# What donor offspring would like others considering DC to know...



## solomum (Apr 17, 2012)

Recent research from the Donor Sibling Registry in the US entitled, 'What would you like other people considering using donor gametes or donated embryos to know that you have learned?'

The comments come from a survey of over three hundred donor conceived people (recruited via the DSR).

Interesting for those considering whether to choose anon/non anon or whether to tell/not tell.

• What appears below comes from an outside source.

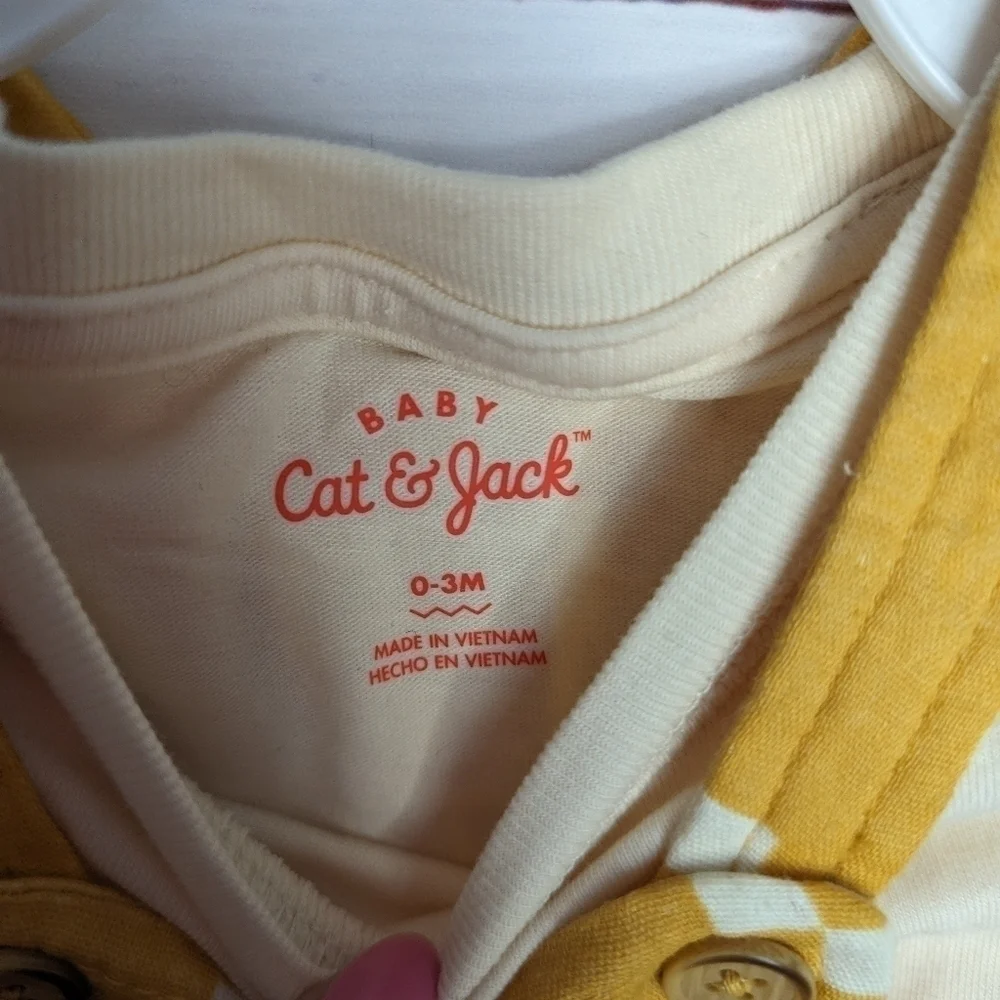NWT Carters Ivory and Yellow 2 Piece Set Top and Overalls 0-3M, 12M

https://www.donorsiblingregistry.com/sites/default/files/files/305%20Advice%20from%20Offspring(1).pdf

/links


----------



## theodora (Dec 14, 2010)

Interesting, thanks for sharing


----------



## KDJay (Sep 21, 2015)

wow really interesting! x


----------



## goldbunny (Mar 26, 2012)

wow that's an amazing read. really thought-provoking.


----------



## bundles (Jul 16, 2011)

Interesting how so many suggested adoption rather than use of donor gametes. A very wide range of opinions, a bit like real life really !!


----------



## theodora (Dec 14, 2010)

The comments dont all seem to come from donor-conceived folks, is this right??


----------



## Angel_Delight (Jan 23, 2011)

Very interesting, thank you for sharing.


----------



## solomum (Apr 17, 2012)

They are all the comments of donor conceived people.


----------



## Godiva (Nov 19, 2015)

Interesting read. It has helped reconfirm certain decisions  we took were the right ones, even though it makes our journey more difficult. 
I have also thought about adoption, as i also wondered about "making" new babies when so many kids need a home, but where we luve the procedure is so complex and long it takes at least 8-10 years! And if otgers are free to "make" as many kids as they want (huh aving kids is the norm), why should we not do so.
Most important msg: think long and hard about it all (and consequences!) And live accordingly.


----------



## amber-ruby (Jun 23, 2015)

interesting, thanks for sharing x


----------